▶ **What is being asked**
Exact reproduction is required for the lines below starting at the line with "Eldred Wheeler 2" and ending at the line with "Camisa Only Onlalexa", both included. No other lines, and no pictures.

▶ **Dataset excerpts**
========================================================================

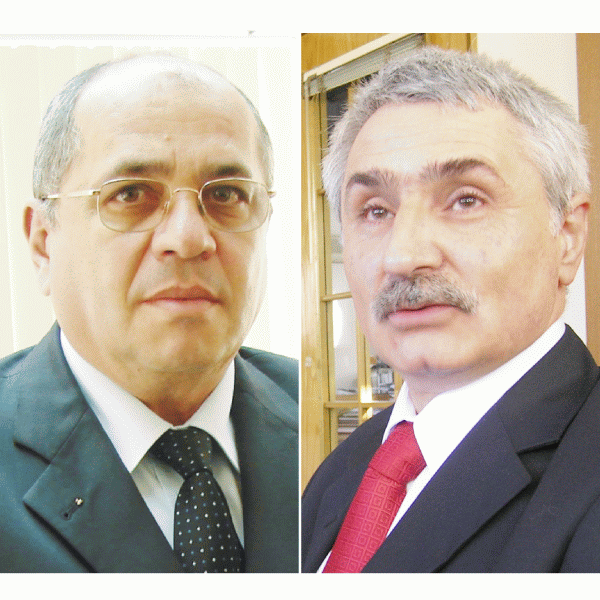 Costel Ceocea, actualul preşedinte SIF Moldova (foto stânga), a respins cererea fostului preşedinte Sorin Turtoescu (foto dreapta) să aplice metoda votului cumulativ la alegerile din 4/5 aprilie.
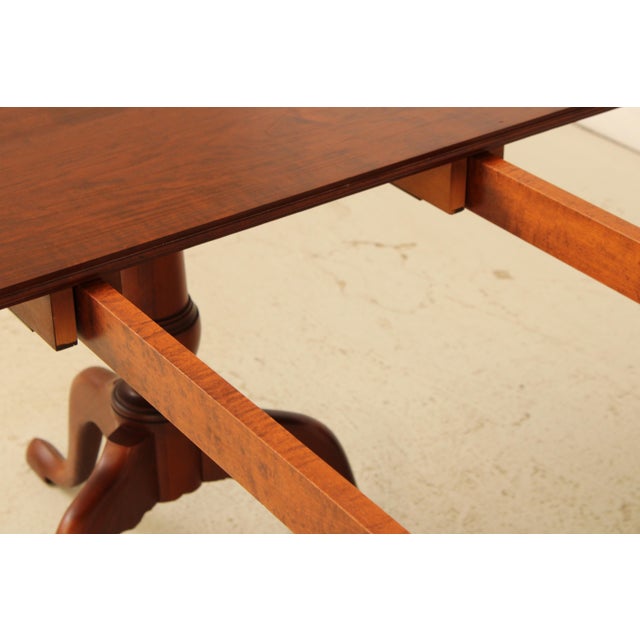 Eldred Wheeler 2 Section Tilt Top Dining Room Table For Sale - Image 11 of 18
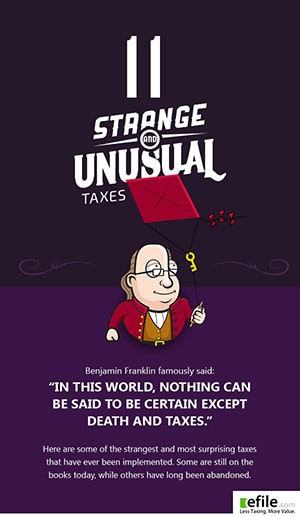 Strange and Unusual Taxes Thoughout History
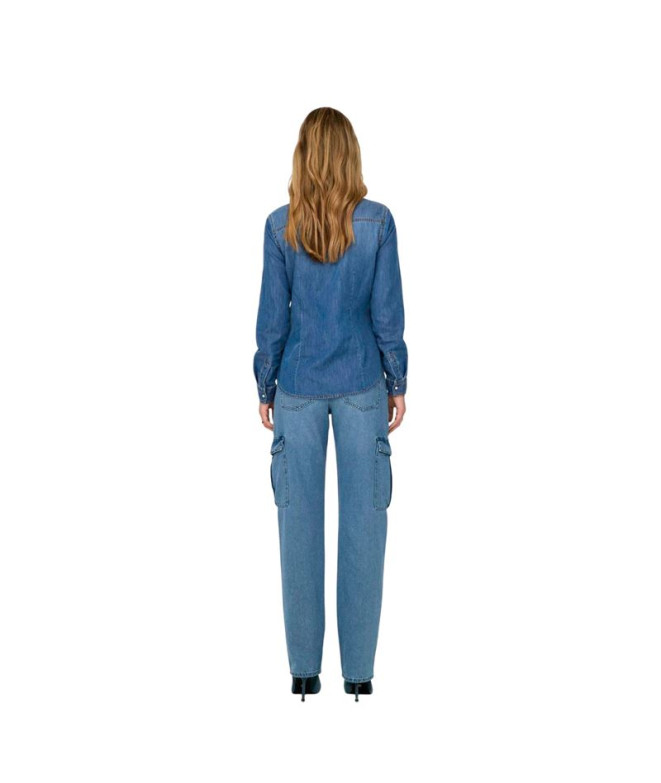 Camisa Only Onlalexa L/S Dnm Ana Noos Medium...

========================================================================

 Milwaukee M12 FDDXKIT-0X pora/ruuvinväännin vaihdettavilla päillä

========================================================================

▶ **Answer**
 Eldred Wheeler 2 Section Tilt Top Dining Room Table For Sale - Image 11 of 18
 Strange and Unusual Taxes Thoughout History
 Camisa Only Onlalexa L/S Dnm Ana Noos Medium...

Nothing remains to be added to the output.